We have many programming languages many build with different capabilities but we can all agree that most languages are multipurpose.(e.g. you can build a simple calculator using all/almost all programming languages), but when it comes to statistical programming R is the King. What is R ? R is a language and environment for statistical computing and graphics. It is a GNU project which is similar to the S language and environment which was developed at Bell Laboratories (formerly AT&T, now Lucent Technologies) by John Chambers and colleagues. R can be considered as a different implementation of S. There are some important differences, but much code written for S runs unaltered under R. I know you may be bored by this R and S language so this is my deal. I want you to follow up as I do/we do a simple statistical analysis on data obtained from WHO on TB burden estimate.

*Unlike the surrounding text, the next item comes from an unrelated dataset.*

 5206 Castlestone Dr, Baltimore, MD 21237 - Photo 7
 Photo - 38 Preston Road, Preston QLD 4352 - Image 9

To be specific we will analyze the estimated incidence of all types of TB in Kenya from 1990 to 2012.
This is what we are going to do in steps.
  1. We will download the data from WHO website.
  2. Upload it in R 
  3. Do some statistical analysis with the data 

Downloading the data

You can download data in R in different formats. This means data contained or saved using other programs such as SPSS and Excel can be easily be imported into R. In this case I would love to download my data directly into my disk and finally upload it to R. Note it’s also possible to download data directly into R (I will show you right now). My data is in CSV format (comma separated variable) which is one of the best formats to work with. Go to https://extranet.who.int/tme/generateCSV.asp?ds=estimates and download the data. (If you have installed R in Windows the default working directory (folder) is Documents so for those who have problem in specifying file path I would recommend you to move that file to Documents). You can get the working directory by typing this command getwd(). You can also set your working directory using this command setwd(“specify directory(folder)  path in here”). For those who would love to download the data directly try this. data.all = read.csv(“https://extranet.who.int/tme/generateCSV.asp?ds=estimates.csv”, header = T, sep = “,”)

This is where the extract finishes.